Cartsburn was erected into a barony, and a burgh of barony with the privilege of a weekly market and several fairs, in favour of Thomas Crawfurd of Cartsburn, 1st Baron of Cartsburn by a charter of Charles II dated 16 July 1669. To the south of Crawfordsdyke lay the House of Cartsburn, the principal messuage of that barony and seat of the Crawfords of Cartsburn. The earliest account of Cartsburn is in Hamilton of Wishaw’s Accompt of the Sheriffdom of Renfrew published in 1710. He wrote “The town is mostly sub-feud to merchants, seamen, or loading-men, who have built very good houses in it, and it is a very thriving place”. The Scots Magazine reported in 1809 that “the tower has… fallen, and in the course of a few years the plough will probably pass over the remains”.  However the Industrial Revolution, rather than the agricultural past, finally finished off the castle. The ruins stood in the path of the railway, and were demolished in the 1830s. The site of the castle’s location today is commemorated as Castle Road, now the only indication of Easter Greenock above ground.

Newark Castle

Newark Castle

Newark Castle

This is a well-preserved castle sited on the south shore of the estuary of the River Clyde in Port Glasgow.  Built in 1478 by George Maxwell when he inherited the Barony of Finlanstone (Finlaystone) in the parish of Kilmacolm. The original castle had a tower house within a walled enclosure or barmkin entered through a large gatehouse. All that remains of the outer defensive wall is from one of the original corner towers. It is thought that there would have been a hall and ancillary buildings such as a bakehouse and brew house inside the walled enclosure.

In the late 16th century the castle was inherited by Sir Patrick Maxwell, a powerful friend of king James VI of Scotland who was notorious for murdering two members of a rival family and beating his wife who left him after having 16 children. In 1597 Sir Patrick expanded the building, constructing a new north range replacing the earlier hall in the form of a three storey Renaissance mansion.

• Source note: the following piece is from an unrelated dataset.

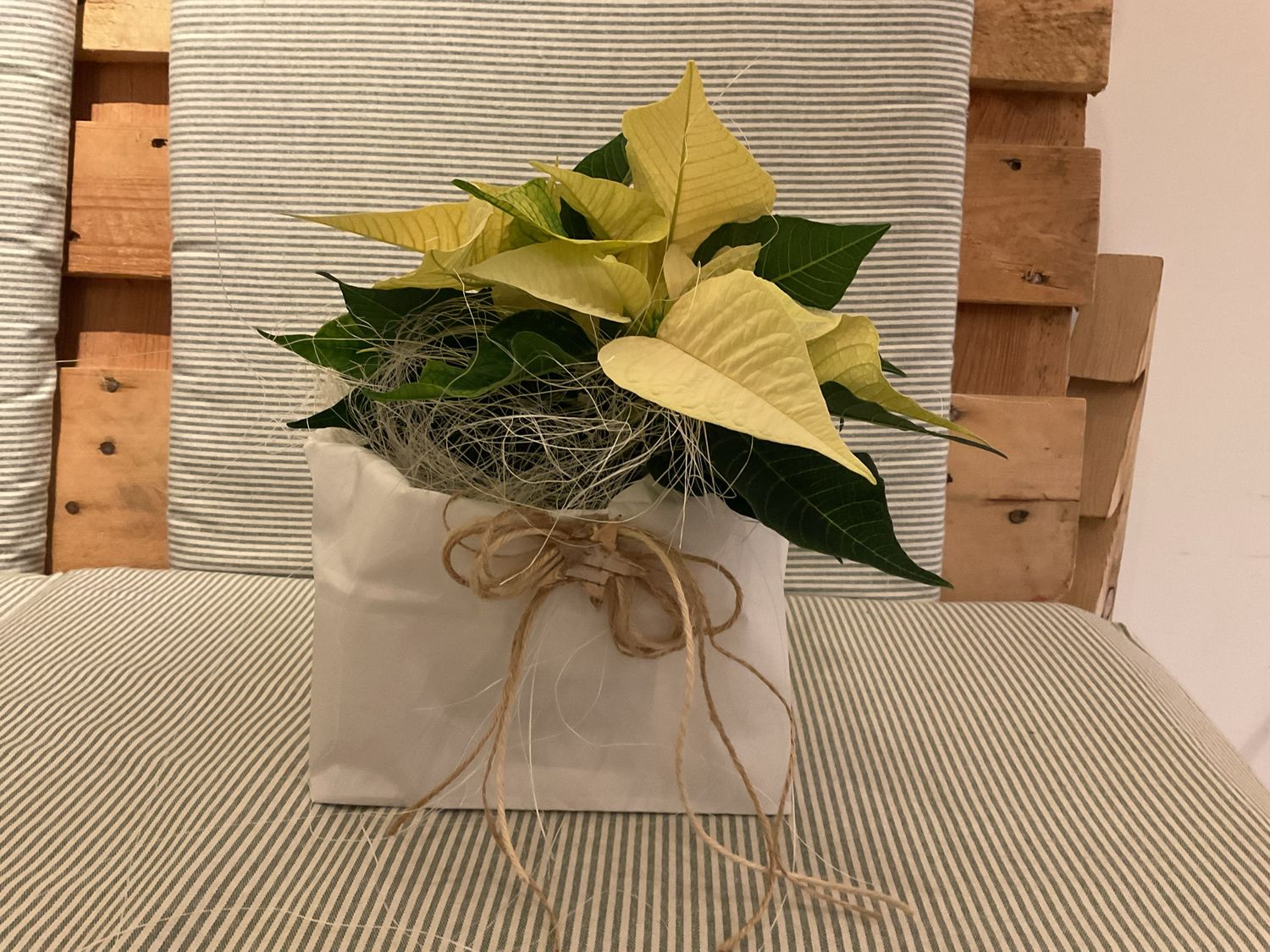 WEIHNACHTSTERN IM TÄSCHLI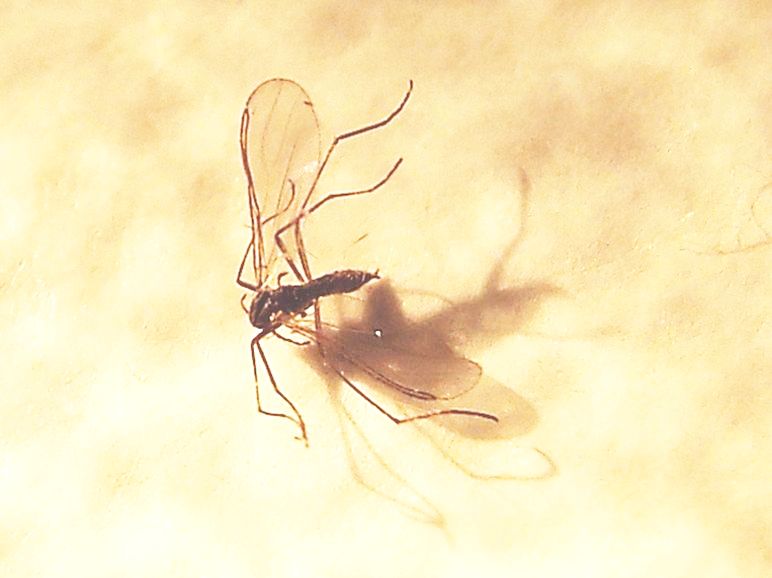 Cecidomyiidae ?  S, Cecidomyiidae (cfr. Lestremiinae)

At this time the barmkin wall was demolished except for the north east tower, which was converted into a doocot.

The central part of the mansion has cellars with tiny windows under a main hall with large windows, and other accommodation above that. An east wing with the main entrance door close to the main block links it to the original tower house which was suitably modified, and a short west wing connects to the gatehouse. The mansion has features of the Scottish baronial styleincluding crow-stepped gables and north corners embellished with corbelled turrets. At the centre of its north wall a stairwell supported out on corbelling gives access to the upper floor.

In 1668 the Glasgow authorities purchased 18 acres (7 hectares) of land around Newark Castle from Sir George Maxwell who was then the laird, and developed the harbour into what they called “Port Glasgow”. The last Maxwell died in 1694 and the castle had a series of non-resident owners. An early tenant was a ropemaker called John Orr who also dealt in wild animals such as big cats and bears which he obtained from ships visiting the Clyde and often housed in the castle cellars. The cellars and gardens were later rented by Charles Williamson who blocked access from the hall to stop the joiner John Gardner who rented the hall from stealing fruit stored in the cellars.

John Smith in 1895 records that the stump of the dule tree were carefully preserved in the castle grounds.